The goal of this project is to write a software pipeline to detect vehicles in a video.
The ideal solution would run in real-time, i.e. > 25 FPS.
This project is using the Deep Learning algorithm called YOLO (v2). YOLO is a clever neural network for doing object detection in real-time.
Please Note: I have not used HOG+SVM for this project. However, I am fulfilling all the technical rubric points, just by another method than HOG+SVM. I saw on the forum/slack that other students used other techniques, it was stated in the lesson that we were encouraged to experiment with other classifiers and my mentor said I could as long as I was clearly stating it and delivering a write up explaining my method.
The steps are the following:
- Use YOLO to detect objects.
- Select only detected objects having confidence higher than a set threshold.
- Perform Non-Maximum-Suppression to keep only one detection by detected object, thanks to another set threshold.
- Only select cars in the remaining detected objects.
- Run the pipeline on test images.
- Run the pipeline on a video stream.
- Estimate a bounding box for vehicles detected.
For that project, I updated my environment, and I'm using Keras 2.1.2 and Tensorflow 1.4.1.

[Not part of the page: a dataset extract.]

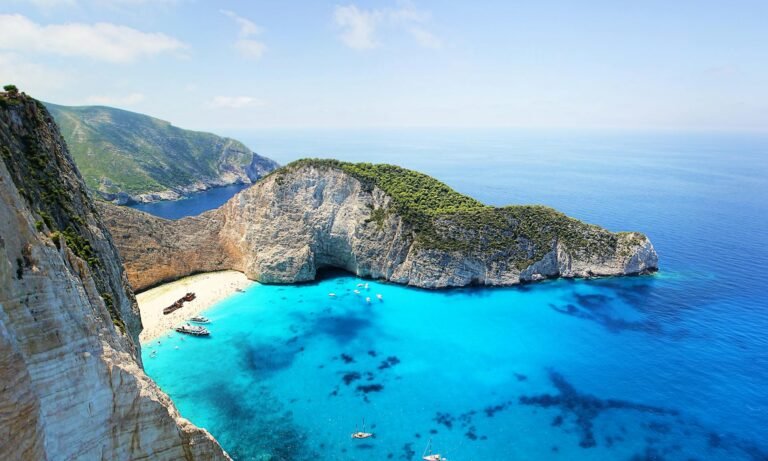 The Ultimate Guide to U.S. Travel Hotspots in 2025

Here is how to set up the same environment than me.
- Set up environment
conda env create -f environment.yml
or to be able to run VideoCapture OpenCV code (ffmpeg and OpenCV installed) (see Conda-forge opencv-feedstock for the Conda OpenCV with ffmpeg/VideoCapture enabled)
conda env create -f environment-opencv.yml
- Activate environment
source activate yolo carnd-term1-Keras2
- Download YOLO-VOC weight file and place it in
model_datadirectory
https://pjreddie.com/media/files/yolo-voc.weights
- Convert
.weightfile to.h5file
python yad2k.py model_data/yolo-voc.cfg model_data/yolo-voc.weights model_data/yolo-voc.h5 -p
Alternatively, you can download the .weights and.h5 weights file as well as the.h5 model file (not needed) here :
https://drive.google.com/open?id=1ftYxHAI-SVFcvItcr6B9-rS1XnNDlUyL
- Detect objects in a given image using YOLOv2 by running the Jupyter Notebook file
jupyter notebook vehicle_detection.ipynb
You're reading it!
Classic computer vision detection systems repurpose classifiers or localizers to perform detection. They apply the model to an image at multiple locations and scales. High scoring regions of the image are considered detections. This is the case of the HOG+SVM method.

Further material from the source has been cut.